A pipelined integrated circuit performing such data extraction and first-level trigger buffering functions for calorimetry has been designed as a collaboration between CERN and LIP. The architecture has been extensively simulated and finally mapped into an ASIC.
This chip, which is a part of the MEC architecture [3] , is intended to be used after the detector signal has been amplified, shaped and finally sampled by an ADC. At the output of the chip, data are presented in an event-synchronized manner, such that several MEC3s can perform local event-building into a shared second-level buffer.
ARCHITECTURE
Signal pulses originating from particles passing a detector element are identified and extracted by a zero suppression unit. For each pulse a set of consecutive samples is transferred into the first level event buffer. A set of flags is associated with each pulse at this level to tag double pulse and pileup conditions. A time tag is written into the buffer together with the pulse data to keep track of its time position in the original continuous stream of samples from the ADC. Extracted pulses are stored in the event buffer until the corresponding trigger information is available. Only non-zero data are stored in the buffer, enabling a small buffer size to contain the required data during the first level-trigger latency.
Trigger decisions are received as time tags of positive triggers. The trigger time tags are stored in a small buffer, if the trigger matching unit is still busy processing previous triggers.
The selection of pulses in the event buffer belonging to a trigger is based on their time tags. Pulses belonging to a trigger are written into a read-out buffer as an event fragment together with an event number. In case the read-out buffer is full the trigger matching process stops and the event buffer and trigger buffer must keep their information for an extended period.

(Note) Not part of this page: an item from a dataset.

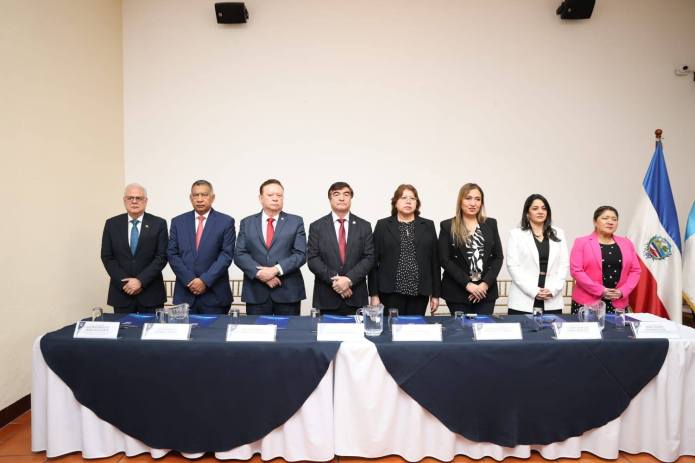 El bloque dominante de la CSJ, de izq. a der. por apellido: Morales, Corado, Contreras, Cifuentes, Villatoro, Paredes, Juárez y Alvarado.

Data are taken from the read-out buffer when an external read out controller requests them. Data are read out at the event level by an event-synchronized protocol enabling event fragments from several MEC3s to be built into a local event data structure.
The three main ports of the chip (input, trigger and output) can run complete asynchronously. The synchronization between them is achieved through the use of time tags and FIFOs.

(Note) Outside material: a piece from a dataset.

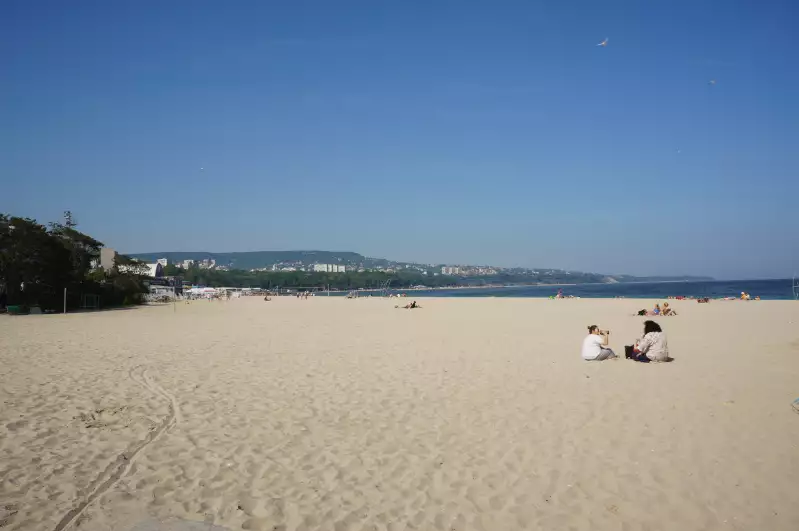 Varnas golden sand beach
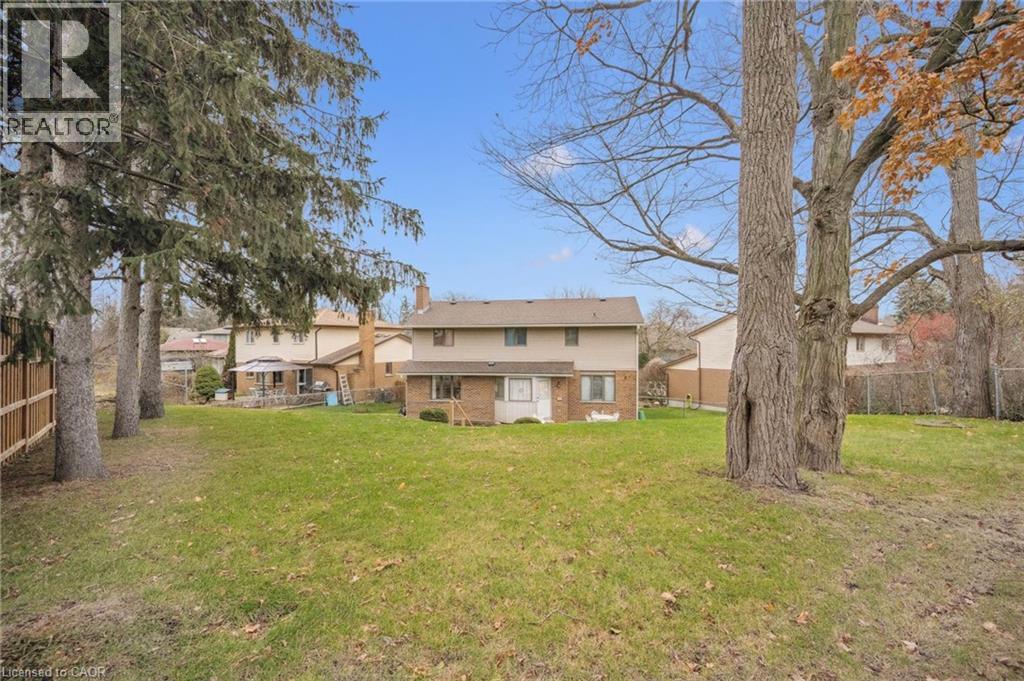 18 Woodview Court, Kitchener, Ontario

Pipelines are used extensively in order to achieve the high throughput needed in the zero suppression unit running at full sampling speed [4] .
Zero suppression
The basic pulse detection scheme is simple thresholding. Two complementary schemes have been included to improve the pulse detection efficiency: adaptive thresholding continuously derives the signal baseline and adjusts the threshold accordingly, and a simplified FIR filter enhances the signal characteristics before performing thresholding. The signal baseline is extracted with a moving average of 2 N samples (where N can be chosen according to the dynamics of the baseline shifts), excluding periods where a pulse is detected. Extensive simulations have shown this simple algorithm to be very efficient for applications where the baseline variations are of relatively low frequency (Fig. 3) .

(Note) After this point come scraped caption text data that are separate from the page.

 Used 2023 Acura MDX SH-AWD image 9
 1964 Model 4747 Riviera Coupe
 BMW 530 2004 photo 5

Dual level thresholding is available to perform an efficient detection of bipolar-and tripolar-shaped detector signals. The FIR filter spans the complete pulse duration (set to eight samples in the MEC3 implementation). Since the filter is not in the normal signal path of data stored in the event buffer, it has been simplified to only five bit coefficients without a noticeable degradation of the pulse detection efficiency. The filter coefficients are programmable so they can be optimized to a specific application. A deconvolution can possibly be performed to identify individual pulses (Fig. 4) in high rate experiments where pileup may be a serious constraint [5] . Special circuitry can discard pulses that are shorter than a specified number of samples (noise spikes).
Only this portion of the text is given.